Proyeksi Peran Book Influencers di Ekosistem Literasi*

Studi Kasus Festival Literasi di Indoensia

Haris Quds
Literatalk
9 min readNov 15, 2020

--

Kita memang sudah familiar dengan istilah influencer — atau ‘pemengaruh’, menurut Ivan Lanin — tapi mungkin tidak dengan istilah Book Influencer. Agaknya istilah yang biasa didengar adalah Booktuber, Bookstagrammer, Bookblogger, dan sebagainya. Namun, untuk menyebut semua itu secara umum, istilah Book Influencer adalah istilah yang tepat, setidaknya untuk saat ini, karena istilah Book Influencer tidak terasosiasi hanya pada satu platform saja seperti istilah-istilah sebelumnya. Maka, untuk ke depannya, ketika saya menyebut Book Influencer(s), yang saya rujuk adalah semua individu yang menampilkan persona sebagai seorang pecinta buku yang membagikan berbagai jenis konten tentang buku terlepas dari platform mana yang digunakannya.

Photo by Mateus Campos Felipe on Unsplash

Pada tulisan sebelum ini, saya sudah berusaha memetakan posisi seorang pembaca pada dunia literasi dilihat dari sudut pandang industri dan sudut pandang ekosistem non-industri. Di tulisan tersebut saya juga sempat menyatakan bahwa Book Influencers adalah termasuk pembaca, di mana mereka adalah jenis pembaca yang berorientasi output.
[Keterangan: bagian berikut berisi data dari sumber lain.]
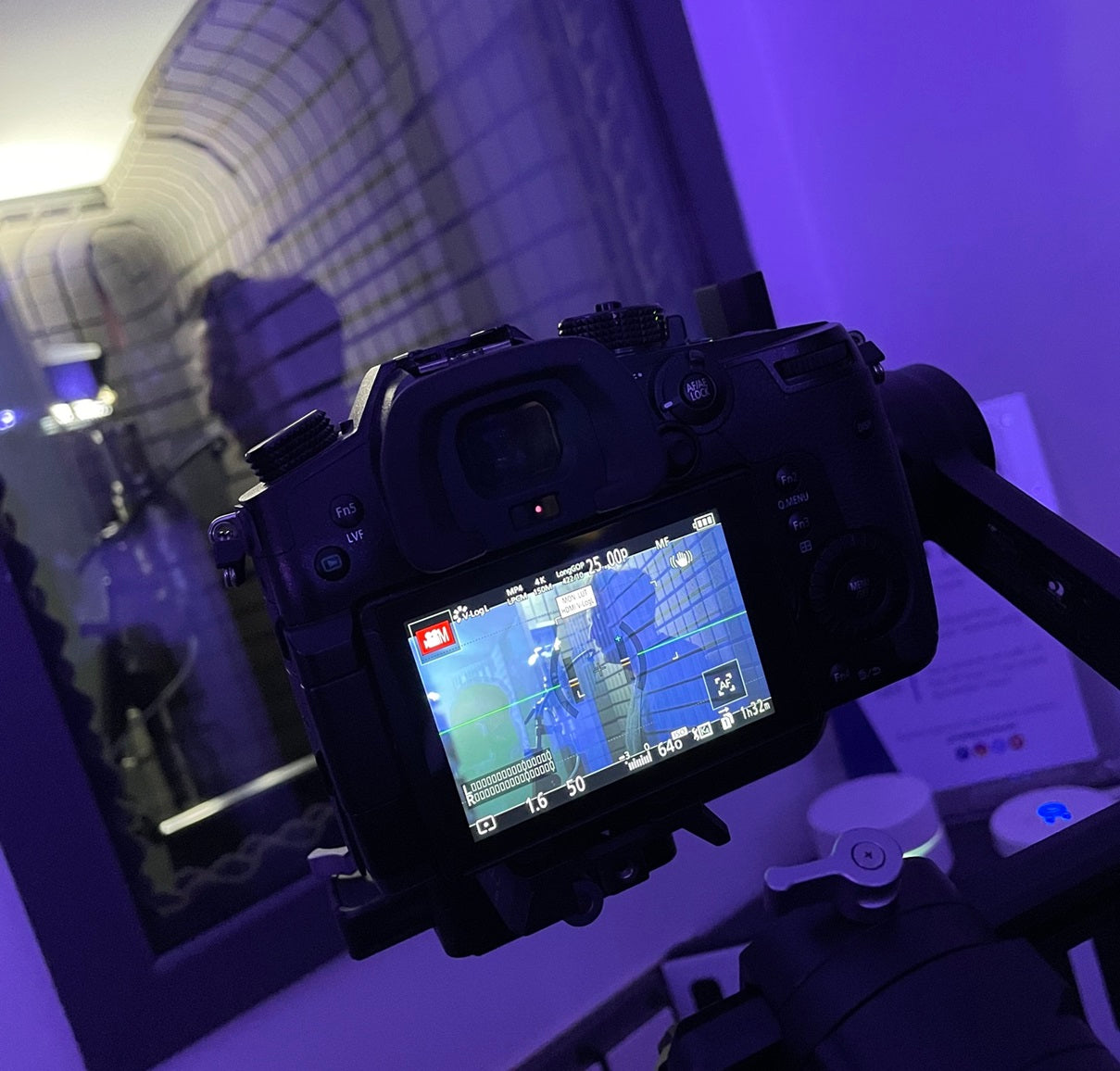 artiste qui se fait filmer en studio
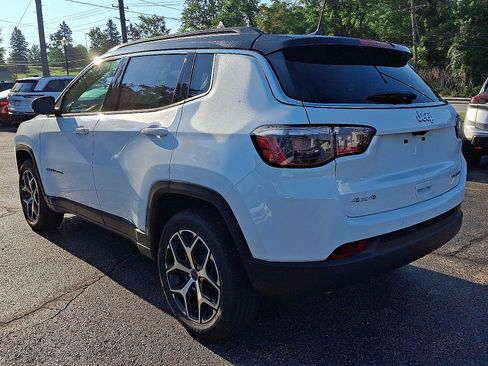 New 2026 Jeep Compass Limited AWD/4WD image 4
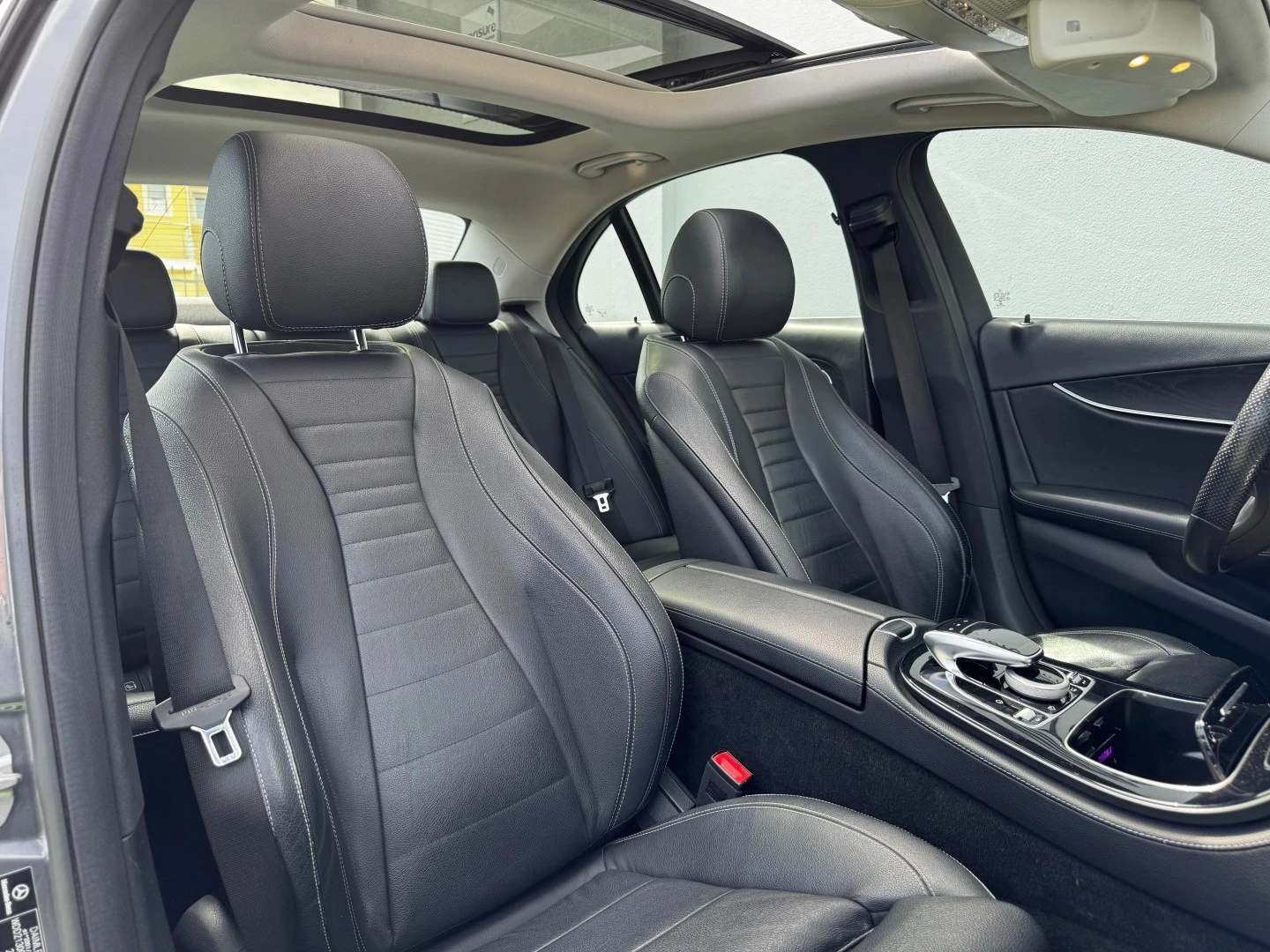 Mercedes-Benz E 220 d T 9G-TRONIC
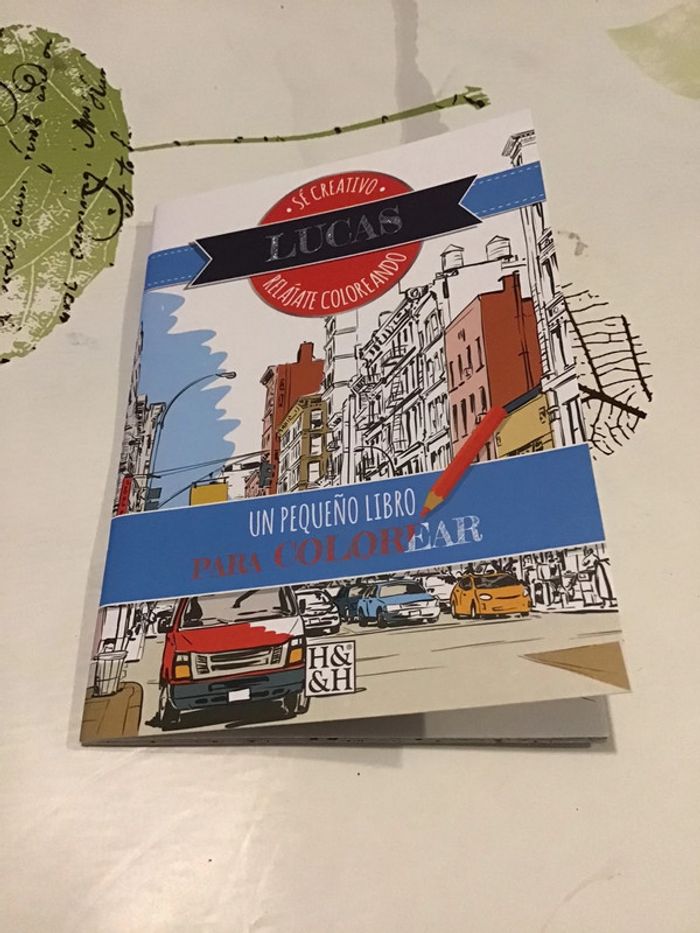 Petit livre 32 coloriages Lucas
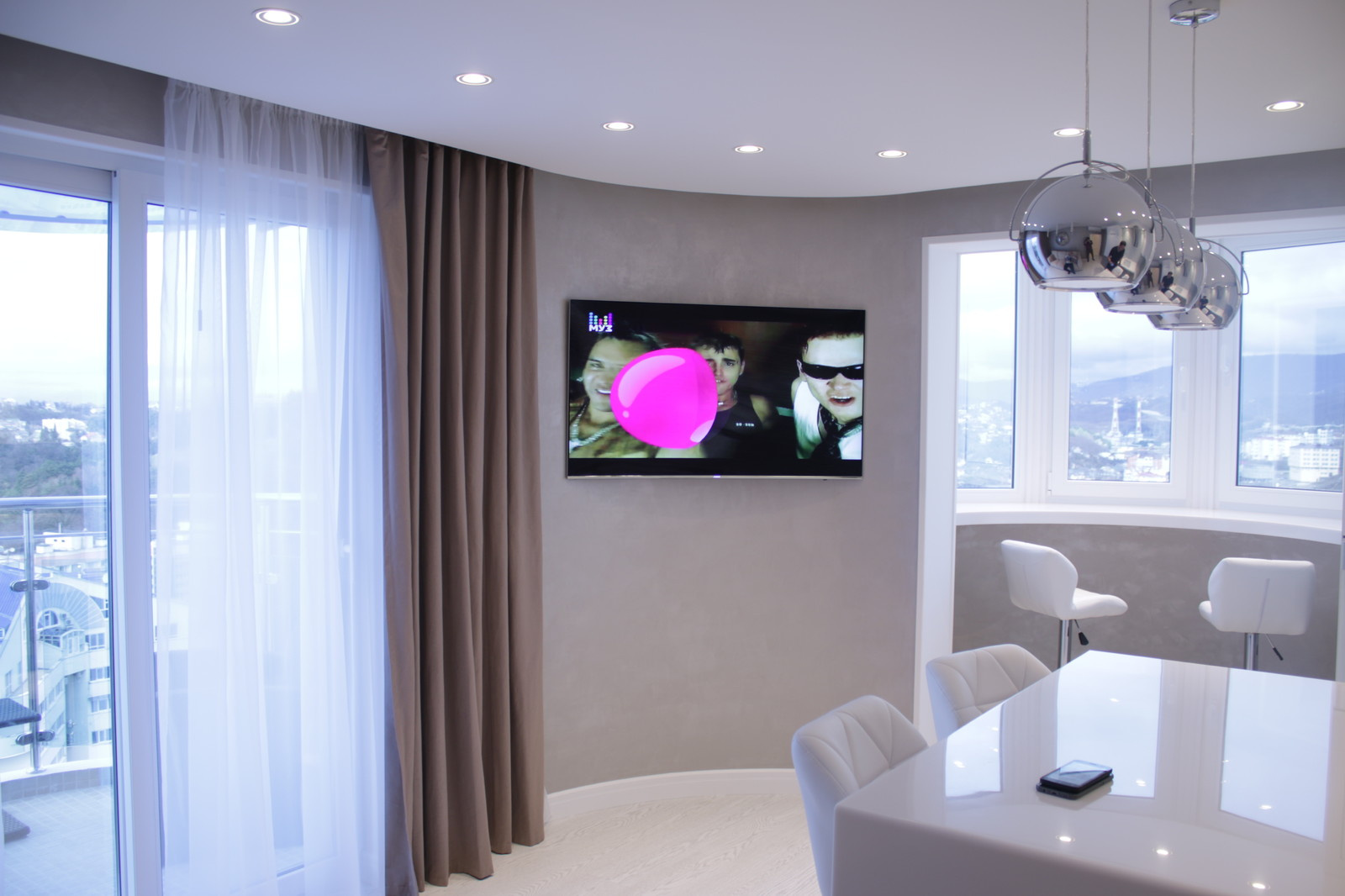 ж.к Бригантина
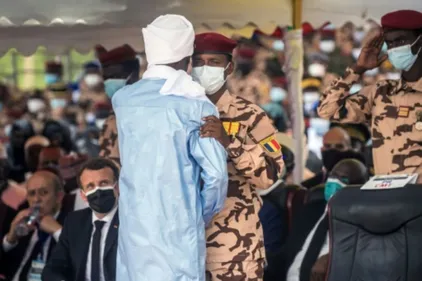 Au Tchad, dans le clan du président Déby, des tractations pour ne...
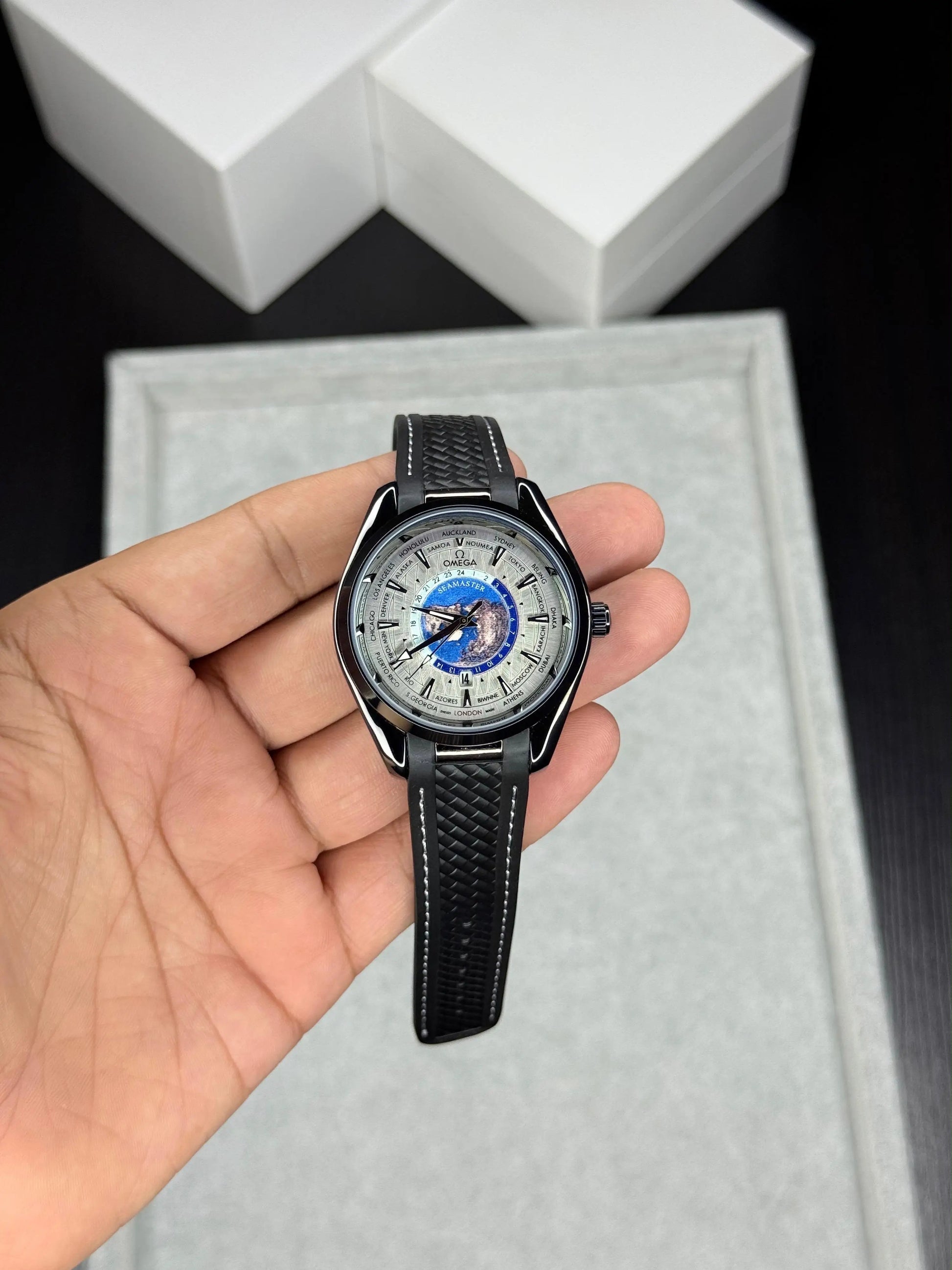 Omega Sea Master World Map Black Back Open Quartz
Bahasan kali ini akan sedikit lebih fokus untuk melihat posisi Book Influencer di ekosistem literasi di Indonesia saat ini untuk memproyeksikan kondisi dan peluang di beberapa tahun ke depan. Karena pada tulisan sebelumnya saya sudah memaparkan peran Book Influencer sebagai salah satu penggaung gema buku dengan cara mendiskusikannya, maka terlebih dahulu saya akan melihat status quo festival-festival literasi di Indonesia saat ini sebagai perwakilan forum atau wadah berdiskusi.

Status Quo

Indonesia adalah negara yang memiliki banyak sekali acara festival literasi dari mulai tingkat regional hingga internasional. Setelah melakukan riset ringan dengan memantau akun sosial media dan situs resmi beberapa festival literasi ternama di Indonesia, saya melihat ada kesamaan di antara festival-festival literasi tersebut dan hal itu cukup mengganggu pikiran saya: ketiadaan, atau minimnya, pembaca yang diikutsertakan dalam rangkaian acara selain sebagai penonton (audience) atau peserta festival. Bahkan yang menggunakan kata ‘readers’ sekalipun seperti Ubud Writers and Readers Festival dan Bandung Readers Festival. Festival lainnya yang saya amati adalah Litbeat, Patjarmerah, Indonesia International Book Festival, Makassar International Writers Festival, dan Festival Pembaca Indonesia.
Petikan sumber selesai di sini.